SEC Releases Frequently Asked Questions Related to Valuation Guidance and to Money Market Fund Reforms Adopted in July 2014

April 30, 2015

BY THE INVESTMENT MANAGEMENT PRACTICE

Overview

On April 22, 2015, the staff of the Division of Investment Management (the “Staff”) released responses to frequently asked questions (“FAQs”) related to the money market fund reforms adopted in July 2014[1] and to the valuation guidance for all mutual funds provided in that Release. The Staff expects to update the FAQs from time to time as additional questions arise. While most of the FAQs closely track language in the Release, certain ones provide important additional clarity.
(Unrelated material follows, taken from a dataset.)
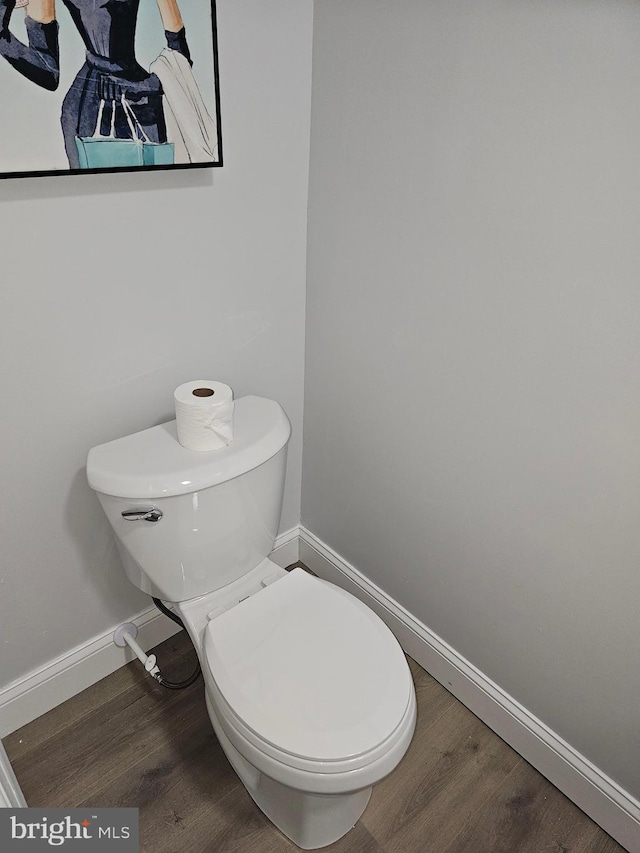 bathroom featuring toilet and hardwood / wood-style flooring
In this Client Alert, we summarize certain of the more relevant FAQs. A complete set of the FAQs can be found on the SEC’s website at the address set forth in footnote 1 below.

The “Question” addressed in the FAQ is listed in bold below, with a summary of the response following.

Valuation Guidance Frequently Asked Questions

The Release[2] provided additional guidance regarding the use of evaluated prices. Under this guidance, what are a mutual fund’s board of directors’ responsibilities when determining whether an evaluated price provided by a pricing service, or some other price, constitutes a fair value for a fund’s portfolio security? (FAQ #1)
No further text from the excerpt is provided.